- TASK STATEMENT
Repeat only the stretch of lines below that runs from the line with "Car instrument panel" through the line with "Verbatim TruSound USB-C", unaltered.

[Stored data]
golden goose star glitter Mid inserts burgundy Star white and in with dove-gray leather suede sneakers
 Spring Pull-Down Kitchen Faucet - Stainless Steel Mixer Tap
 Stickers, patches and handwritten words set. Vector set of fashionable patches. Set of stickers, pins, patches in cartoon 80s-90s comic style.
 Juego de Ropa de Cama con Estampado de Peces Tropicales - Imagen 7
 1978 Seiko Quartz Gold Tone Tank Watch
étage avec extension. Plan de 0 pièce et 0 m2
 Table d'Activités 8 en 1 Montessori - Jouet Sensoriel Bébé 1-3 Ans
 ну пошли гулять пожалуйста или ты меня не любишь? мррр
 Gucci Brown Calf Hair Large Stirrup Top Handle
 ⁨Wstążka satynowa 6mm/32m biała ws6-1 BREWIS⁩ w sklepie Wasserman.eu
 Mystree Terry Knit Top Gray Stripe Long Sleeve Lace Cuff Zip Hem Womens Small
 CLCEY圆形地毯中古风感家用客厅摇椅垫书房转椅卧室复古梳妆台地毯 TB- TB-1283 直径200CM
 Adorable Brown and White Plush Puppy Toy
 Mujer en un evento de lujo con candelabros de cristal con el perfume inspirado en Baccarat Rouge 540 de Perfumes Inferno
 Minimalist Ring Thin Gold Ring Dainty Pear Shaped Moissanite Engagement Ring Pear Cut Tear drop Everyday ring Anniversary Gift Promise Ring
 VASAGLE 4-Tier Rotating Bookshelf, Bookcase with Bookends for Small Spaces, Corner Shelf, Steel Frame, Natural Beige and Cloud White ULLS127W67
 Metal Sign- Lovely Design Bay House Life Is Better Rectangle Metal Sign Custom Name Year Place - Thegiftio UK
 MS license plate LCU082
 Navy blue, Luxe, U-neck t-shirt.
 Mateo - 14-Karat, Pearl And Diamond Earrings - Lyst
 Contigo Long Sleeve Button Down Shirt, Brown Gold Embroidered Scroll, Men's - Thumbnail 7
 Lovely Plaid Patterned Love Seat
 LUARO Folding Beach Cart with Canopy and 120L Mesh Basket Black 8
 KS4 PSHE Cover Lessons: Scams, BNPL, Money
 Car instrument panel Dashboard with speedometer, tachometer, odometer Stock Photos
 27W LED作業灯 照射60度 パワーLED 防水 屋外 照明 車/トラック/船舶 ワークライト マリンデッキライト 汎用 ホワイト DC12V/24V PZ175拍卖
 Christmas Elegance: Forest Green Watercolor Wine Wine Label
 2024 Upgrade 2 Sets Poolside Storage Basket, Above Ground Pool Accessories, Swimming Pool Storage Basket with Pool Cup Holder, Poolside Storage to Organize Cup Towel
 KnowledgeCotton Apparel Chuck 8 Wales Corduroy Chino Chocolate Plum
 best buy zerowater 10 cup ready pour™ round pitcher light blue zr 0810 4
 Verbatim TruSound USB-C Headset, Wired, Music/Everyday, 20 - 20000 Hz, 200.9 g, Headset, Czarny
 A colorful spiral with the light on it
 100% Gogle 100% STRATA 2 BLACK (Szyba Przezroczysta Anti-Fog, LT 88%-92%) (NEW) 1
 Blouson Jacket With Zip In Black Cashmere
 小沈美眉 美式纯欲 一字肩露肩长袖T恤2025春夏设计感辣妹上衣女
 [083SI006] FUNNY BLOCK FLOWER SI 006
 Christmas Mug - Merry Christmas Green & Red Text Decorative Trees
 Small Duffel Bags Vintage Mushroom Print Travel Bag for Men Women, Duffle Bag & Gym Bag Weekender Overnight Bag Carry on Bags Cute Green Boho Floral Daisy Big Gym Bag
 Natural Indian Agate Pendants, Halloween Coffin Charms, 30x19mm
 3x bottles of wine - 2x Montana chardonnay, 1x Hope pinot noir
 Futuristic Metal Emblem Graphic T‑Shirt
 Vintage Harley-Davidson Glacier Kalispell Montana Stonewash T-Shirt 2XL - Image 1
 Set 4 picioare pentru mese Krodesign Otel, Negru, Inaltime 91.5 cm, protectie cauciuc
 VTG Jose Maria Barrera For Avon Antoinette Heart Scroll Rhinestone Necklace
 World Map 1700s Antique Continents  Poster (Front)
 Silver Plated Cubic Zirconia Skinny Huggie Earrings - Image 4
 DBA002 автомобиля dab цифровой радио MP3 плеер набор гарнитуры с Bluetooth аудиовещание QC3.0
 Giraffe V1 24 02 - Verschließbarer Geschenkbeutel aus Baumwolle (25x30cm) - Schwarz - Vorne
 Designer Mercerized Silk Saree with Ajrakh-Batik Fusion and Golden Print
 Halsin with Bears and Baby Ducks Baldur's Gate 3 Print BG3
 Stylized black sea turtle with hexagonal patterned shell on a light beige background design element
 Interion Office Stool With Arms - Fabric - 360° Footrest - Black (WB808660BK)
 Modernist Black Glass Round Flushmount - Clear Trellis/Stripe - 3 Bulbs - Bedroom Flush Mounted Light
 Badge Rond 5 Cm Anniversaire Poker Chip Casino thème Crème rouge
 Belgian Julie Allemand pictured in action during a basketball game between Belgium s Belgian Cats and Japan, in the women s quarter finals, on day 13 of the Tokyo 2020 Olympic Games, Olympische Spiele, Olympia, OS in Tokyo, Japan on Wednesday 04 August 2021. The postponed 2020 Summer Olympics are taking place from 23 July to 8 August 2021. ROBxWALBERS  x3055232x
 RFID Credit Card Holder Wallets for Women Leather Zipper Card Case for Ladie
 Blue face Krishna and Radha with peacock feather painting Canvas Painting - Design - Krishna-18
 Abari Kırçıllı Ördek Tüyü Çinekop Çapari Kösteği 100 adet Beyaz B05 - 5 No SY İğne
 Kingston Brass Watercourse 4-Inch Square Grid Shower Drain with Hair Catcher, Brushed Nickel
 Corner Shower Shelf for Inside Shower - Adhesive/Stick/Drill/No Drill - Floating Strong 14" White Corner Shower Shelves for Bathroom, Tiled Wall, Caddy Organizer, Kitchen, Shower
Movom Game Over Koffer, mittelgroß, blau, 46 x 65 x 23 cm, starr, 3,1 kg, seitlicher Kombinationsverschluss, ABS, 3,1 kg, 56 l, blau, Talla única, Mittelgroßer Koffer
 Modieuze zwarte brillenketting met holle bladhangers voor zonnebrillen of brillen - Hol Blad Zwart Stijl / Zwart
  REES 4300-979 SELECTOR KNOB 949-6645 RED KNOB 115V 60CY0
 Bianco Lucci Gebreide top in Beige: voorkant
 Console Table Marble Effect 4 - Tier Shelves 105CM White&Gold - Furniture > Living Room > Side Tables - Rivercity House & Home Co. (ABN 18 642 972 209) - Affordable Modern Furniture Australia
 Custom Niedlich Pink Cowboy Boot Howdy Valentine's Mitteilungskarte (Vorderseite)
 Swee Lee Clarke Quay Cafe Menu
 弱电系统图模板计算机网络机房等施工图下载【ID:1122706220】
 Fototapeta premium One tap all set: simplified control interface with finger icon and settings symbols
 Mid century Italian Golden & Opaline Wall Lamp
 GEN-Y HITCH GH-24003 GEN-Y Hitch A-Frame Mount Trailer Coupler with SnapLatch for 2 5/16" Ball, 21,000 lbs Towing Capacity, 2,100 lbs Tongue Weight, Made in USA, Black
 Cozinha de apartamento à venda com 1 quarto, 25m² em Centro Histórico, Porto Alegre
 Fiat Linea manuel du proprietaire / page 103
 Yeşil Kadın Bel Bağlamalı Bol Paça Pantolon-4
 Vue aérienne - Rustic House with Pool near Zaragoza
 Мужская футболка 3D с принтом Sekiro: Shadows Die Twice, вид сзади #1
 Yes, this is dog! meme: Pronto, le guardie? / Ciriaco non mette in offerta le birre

- ANSWER TO THE EXERCISE
 Car instrument panel Dashboard with speedometer, tachometer, odometer Stock Photos
 27W LED作業灯 照射60度 パワーLED 防水 屋外 照明 車/トラック/船舶 ワークライト マリンデッキライト 汎用 ホワイト DC12V/24V PZ175拍卖
 Christmas Elegance: Forest Green Watercolor Wine Wine Label
 2024 Upgrade 2 Sets Poolside Storage Basket, Above Ground Pool Accessories, Swimming Pool Storage Basket with Pool Cup Holder, Poolside Storage to Organize Cup Towel
 KnowledgeCotton Apparel Chuck 8 Wales Corduroy Chino Chocolate Plum
 best buy zerowater 10 cup ready pour™ round pitcher light blue zr 0810 4
 Verbatim TruSound USB-C Headset, Wired, Music/Everyday, 20 - 20000 Hz, 200.9 g, Headset, Czarny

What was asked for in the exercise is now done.